THE DATA
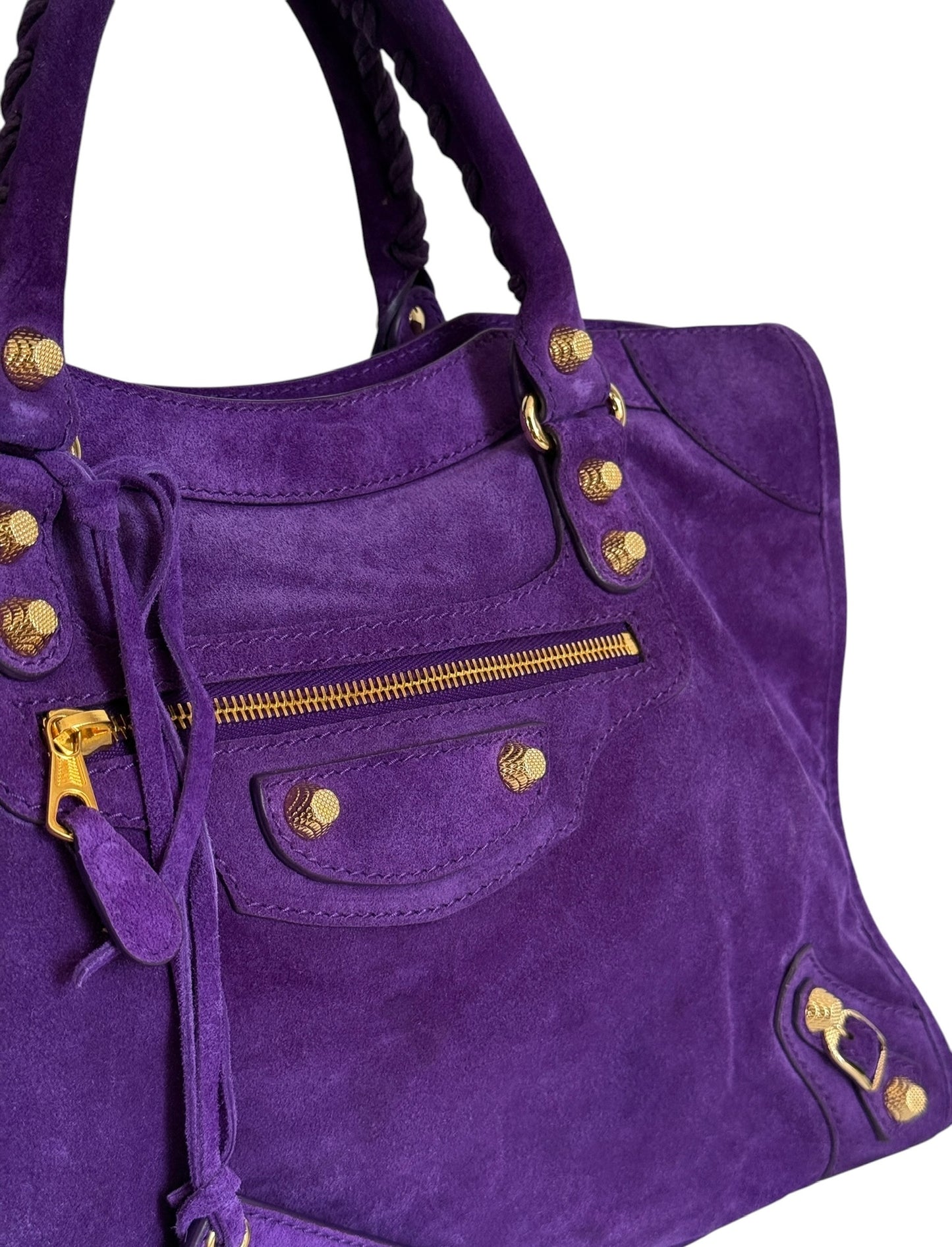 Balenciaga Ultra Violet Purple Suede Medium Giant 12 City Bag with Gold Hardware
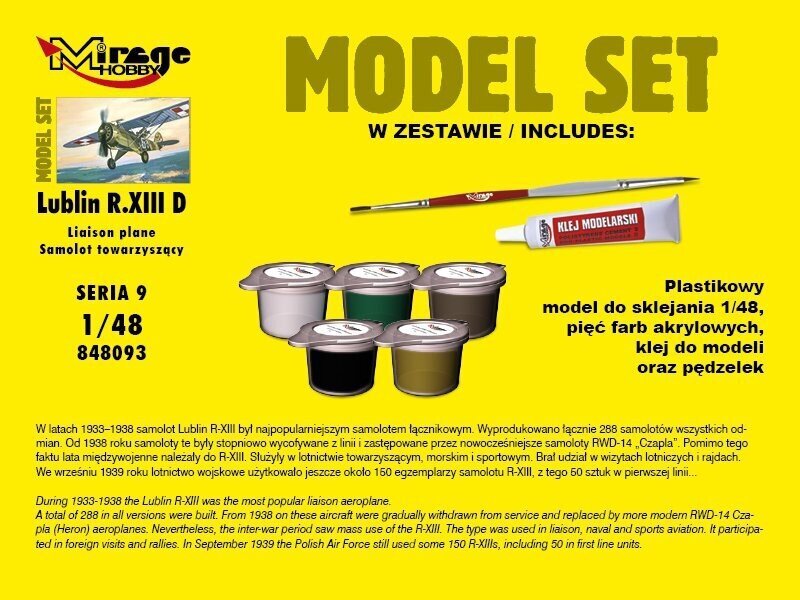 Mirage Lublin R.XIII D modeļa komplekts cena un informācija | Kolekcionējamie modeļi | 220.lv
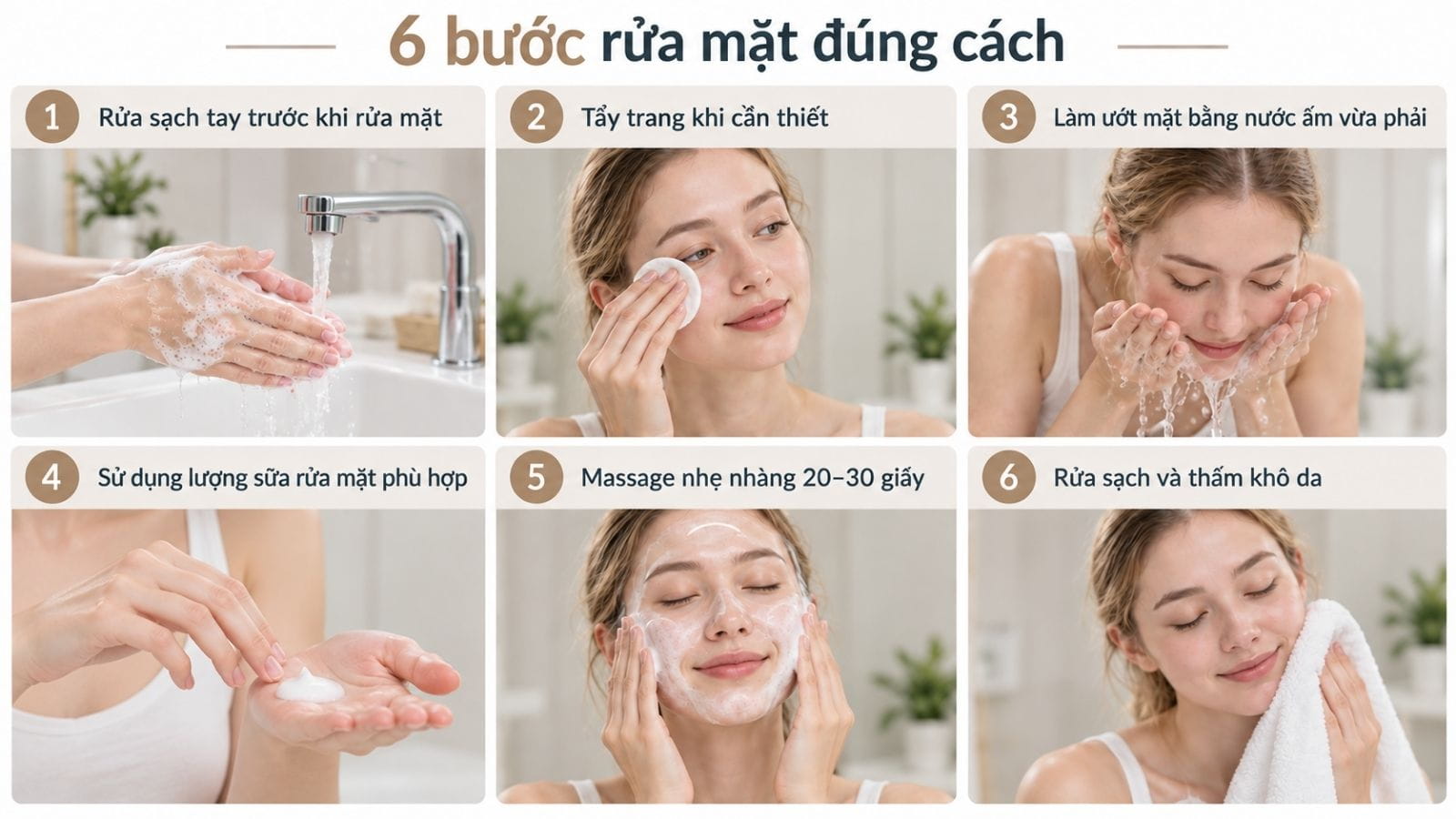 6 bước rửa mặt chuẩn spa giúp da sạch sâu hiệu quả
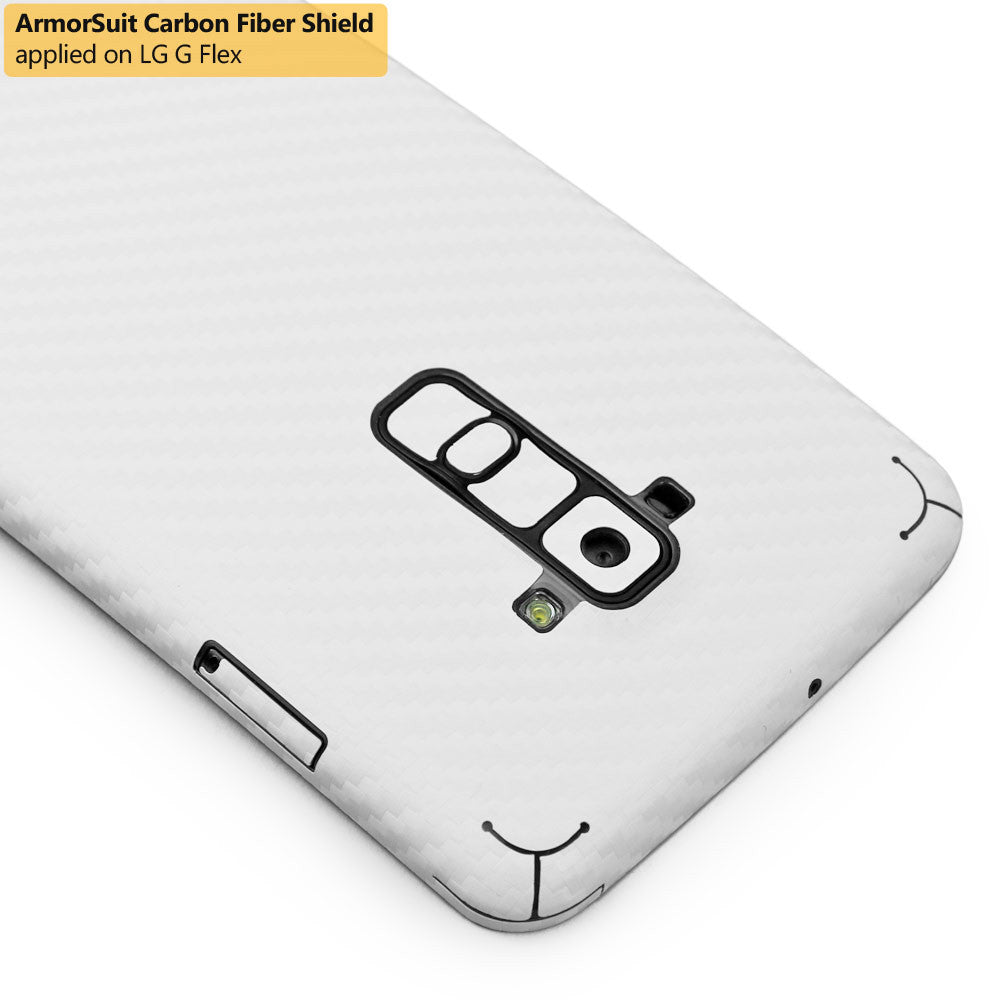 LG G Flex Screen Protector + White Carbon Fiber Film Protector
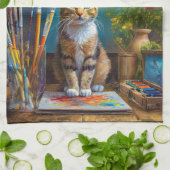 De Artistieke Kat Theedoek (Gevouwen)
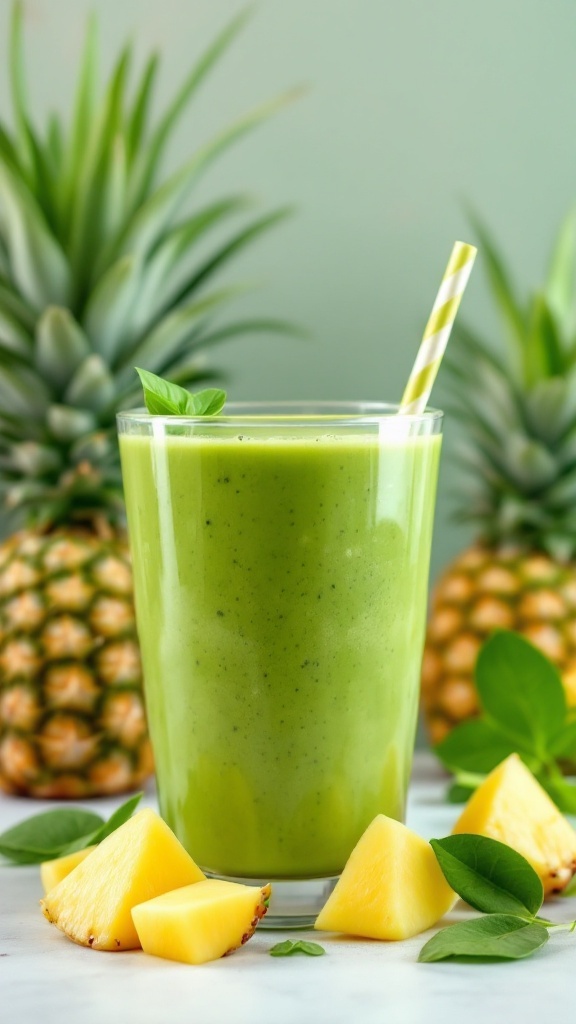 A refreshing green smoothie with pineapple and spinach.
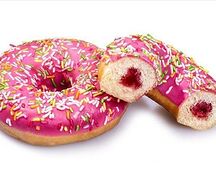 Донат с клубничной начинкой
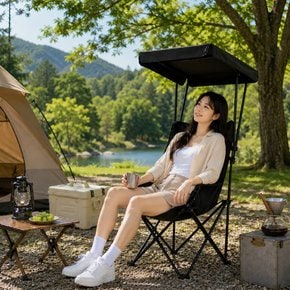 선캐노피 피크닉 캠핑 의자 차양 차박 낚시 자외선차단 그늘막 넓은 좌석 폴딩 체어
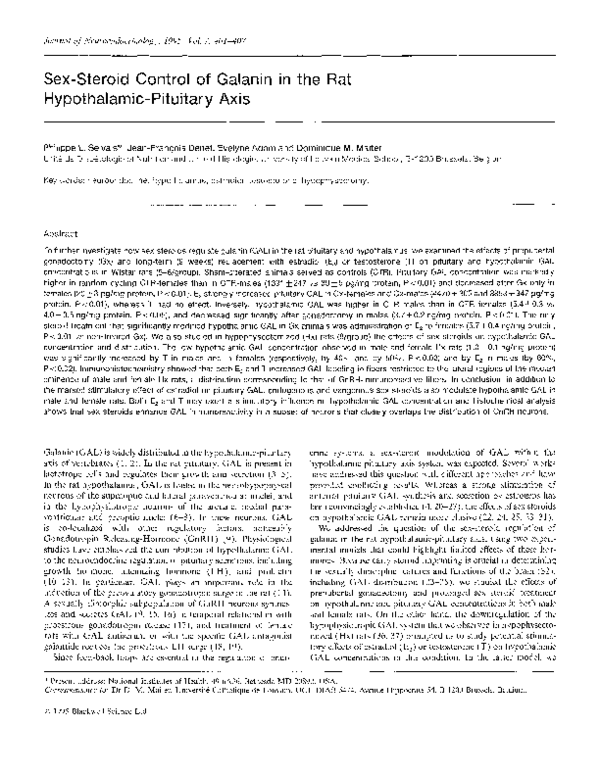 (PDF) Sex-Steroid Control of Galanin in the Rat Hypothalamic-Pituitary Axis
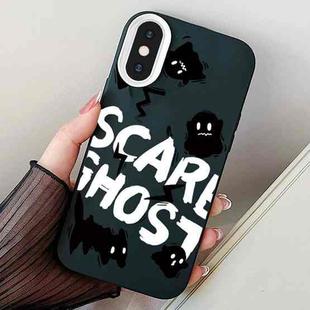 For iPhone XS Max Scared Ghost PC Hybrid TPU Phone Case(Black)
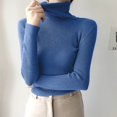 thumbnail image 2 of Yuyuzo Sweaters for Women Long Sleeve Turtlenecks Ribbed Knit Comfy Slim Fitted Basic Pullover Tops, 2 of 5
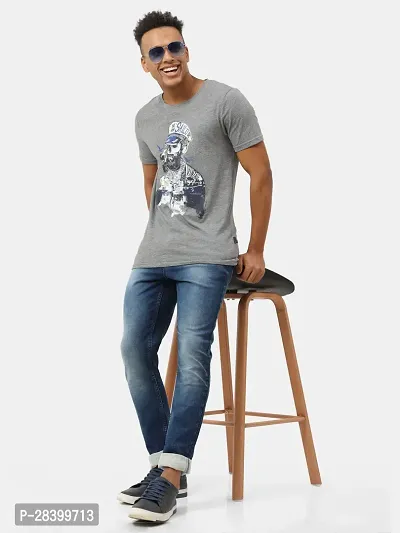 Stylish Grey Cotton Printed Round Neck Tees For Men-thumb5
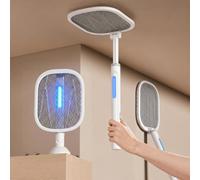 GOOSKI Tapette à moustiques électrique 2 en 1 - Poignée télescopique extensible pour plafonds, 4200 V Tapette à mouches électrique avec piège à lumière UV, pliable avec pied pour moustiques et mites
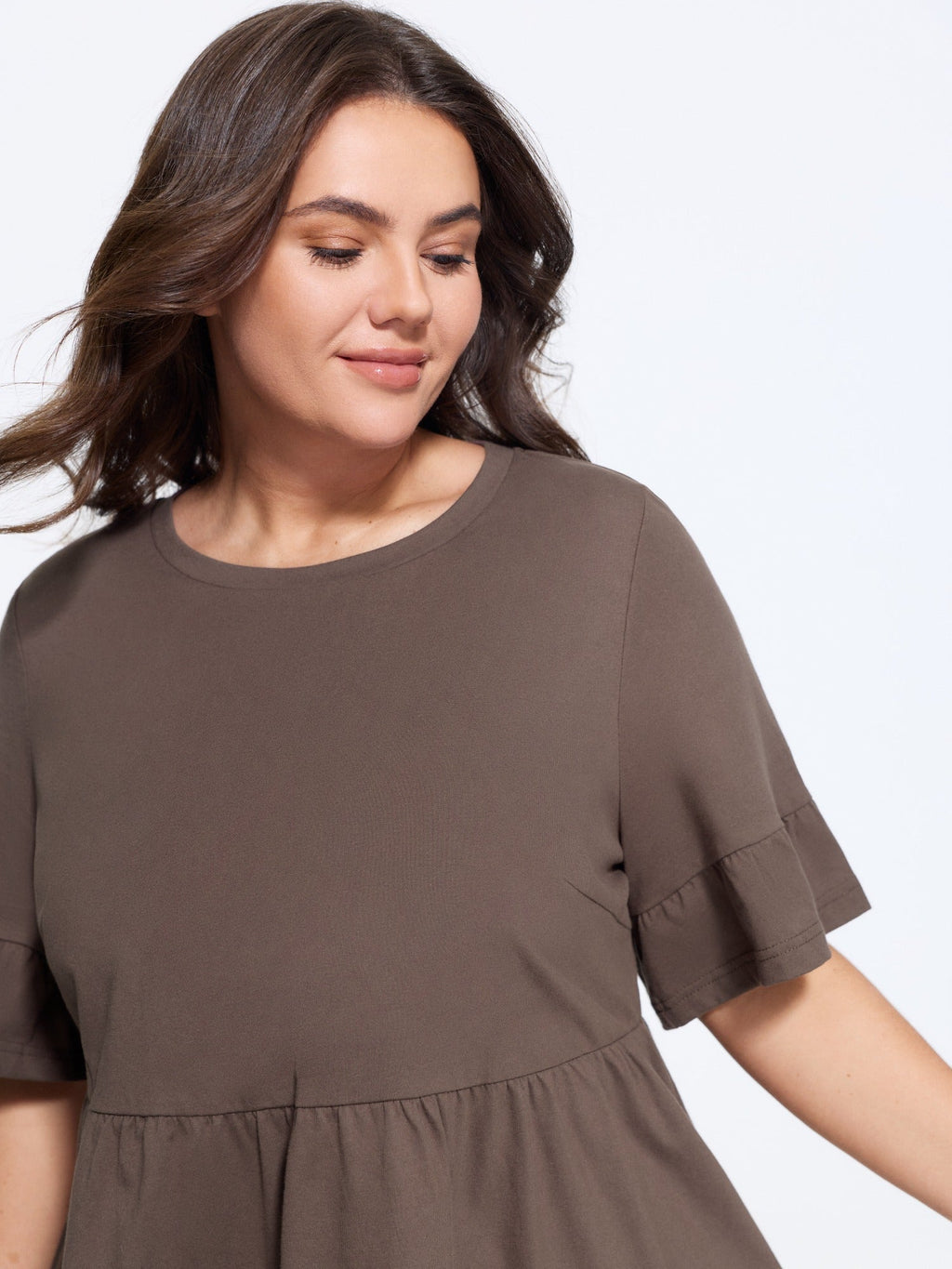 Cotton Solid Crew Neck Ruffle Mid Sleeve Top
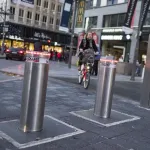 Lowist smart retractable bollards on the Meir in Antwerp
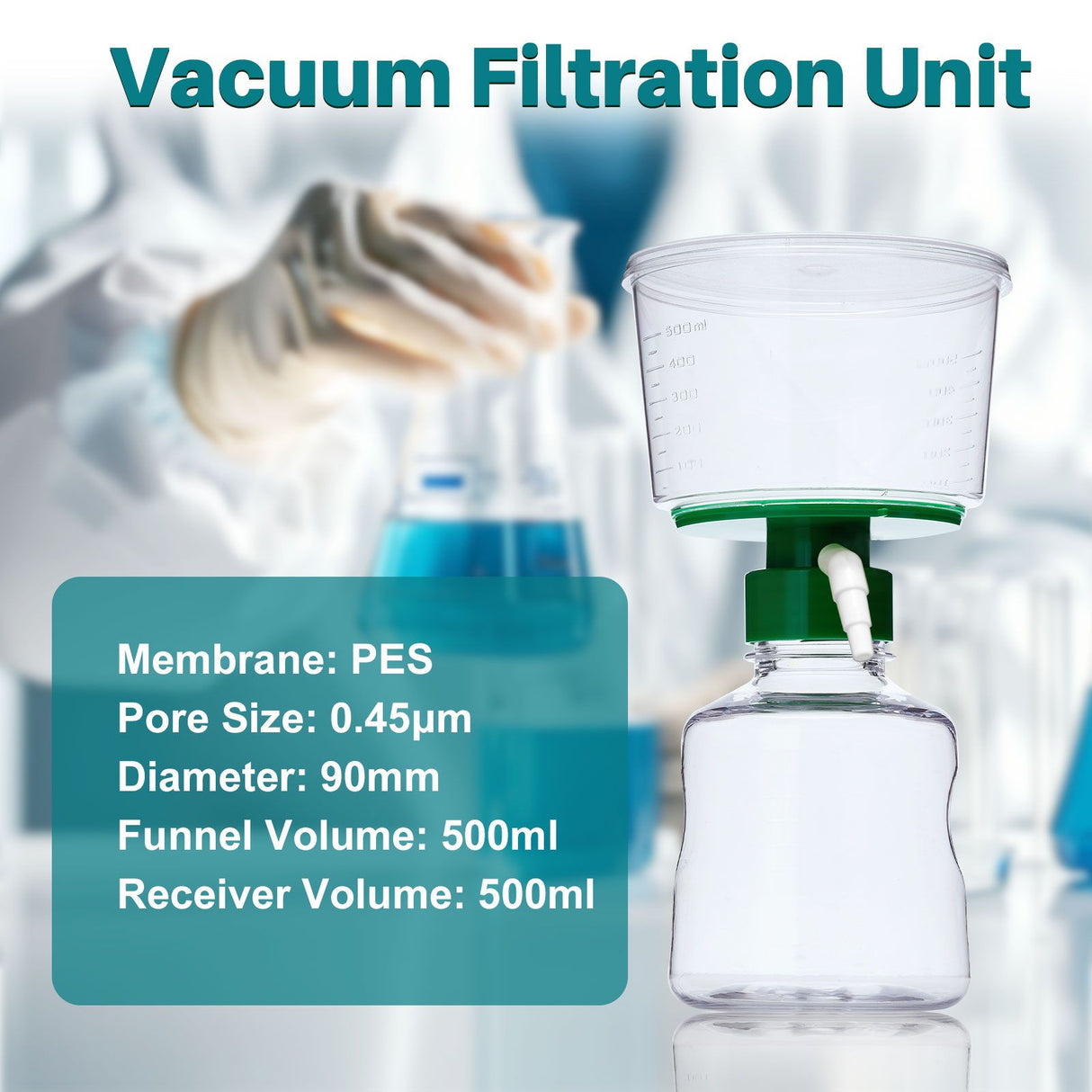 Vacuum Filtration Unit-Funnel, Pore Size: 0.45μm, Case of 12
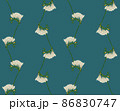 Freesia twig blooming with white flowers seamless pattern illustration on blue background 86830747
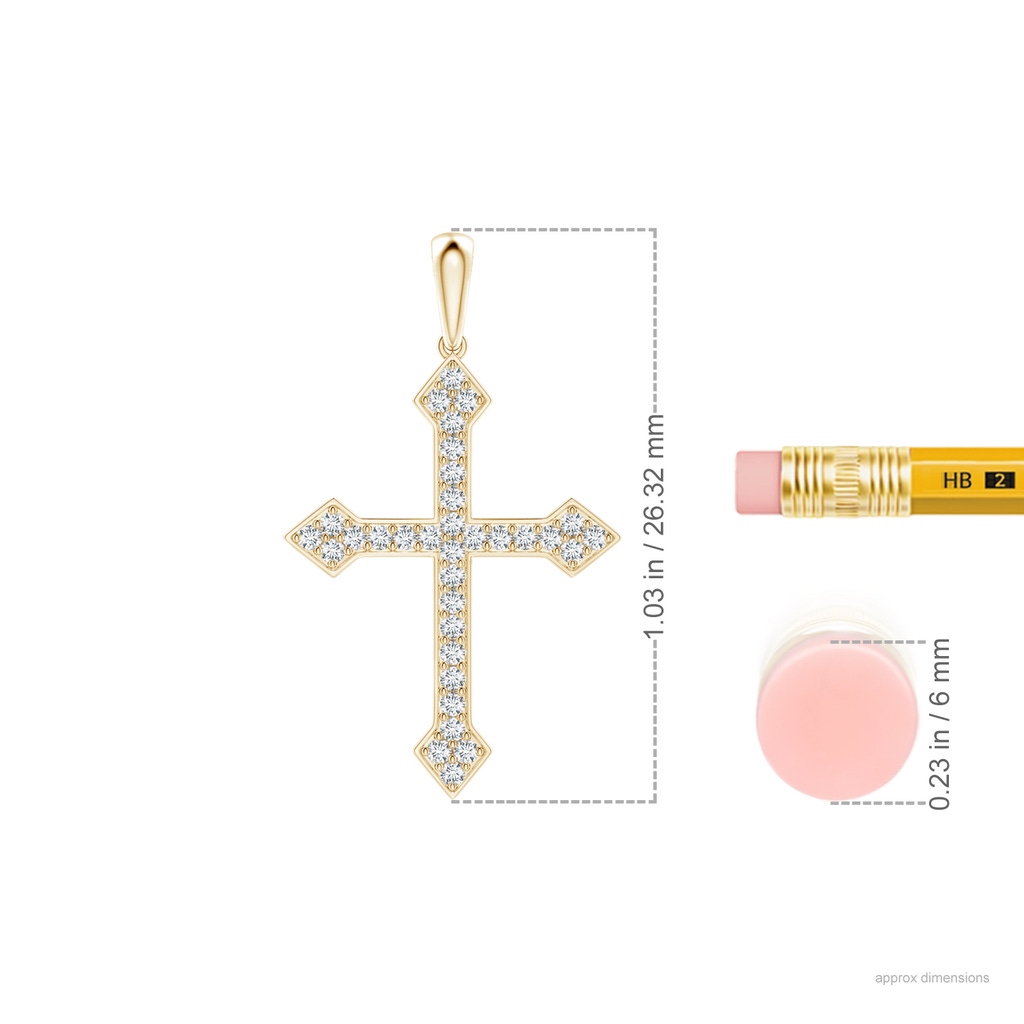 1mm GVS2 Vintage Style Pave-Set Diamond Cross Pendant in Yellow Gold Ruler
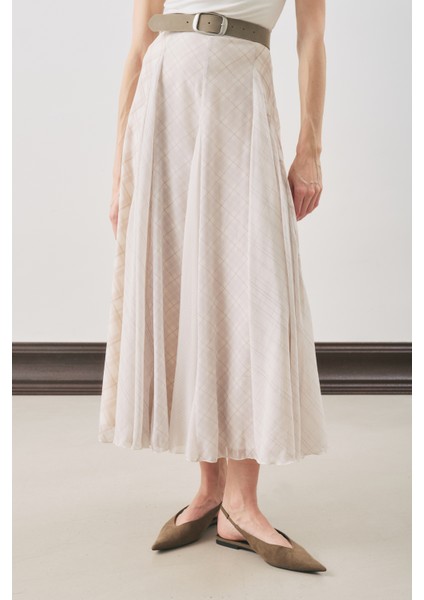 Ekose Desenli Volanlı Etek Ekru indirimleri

BRIEF
The finished answer is an exact repetition of the listing, with every picture removed.

SOLUTION FOR THIS TASK
 Balenciaga Ultra Violet Purple Suede Medium Giant 12 City Bag with Gold Hardware
 Mirage Lublin R.XIII D modeļa komplekts cena un informācija | Kolekcionējamie modeļi | 220.lv
 6 bước rửa mặt chuẩn spa giúp da sạch sâu hiệu quả
 LG G Flex Screen Protector + White Carbon Fiber Film Protector
 De Artistieke Kat Theedoek (Gevouwen)
 A refreshing green smoothie with pineapple and spinach.
 Донат с клубничной начинкой
 선캐노피 피크닉 캠핑 의자 차양 차박 낚시 자외선차단 그늘막 넓은 좌석 폴딩 체어
 (PDF) Sex-Steroid Control of Galanin in the Rat Hypothalamic-Pituitary Axis
 For iPhone XS Max Scared Ghost PC Hybrid TPU Phone Case(Black)
 thumbnail image 2 of Yuyuzo Sweaters for Women Long Sleeve Turtlenecks Ribbed Knit Comfy Slim Fitted Basic Pullover Tops, 2 of 5
 Stylish Grey Cotton Printed Round Neck Tees For Men-thumb5
 GOOSKI Tapette à moustiques électrique 2 en 1 - Poignée télescopique extensible pour plafonds, 4200 V Tapette à mouches électrique avec piège à lumière UV, pliable avec pied pour moustiques et mites
 Cotton Solid Crew Neck Ruffle Mid Sleeve Top
 Lowist smart retractable bollards on the Meir in Antwerp
 Vacuum Filtration Unit-Funnel, Pore Size: 0.45μm, Case of 12
 Freesia twig blooming with white flowers seamless pattern illustration on blue background 86830747
 1mm GVS2 Vintage Style Pave-Set Diamond Cross Pendant in Yellow Gold Ruler
 Ekose Desenli Volanlı Etek Ekru indirimleri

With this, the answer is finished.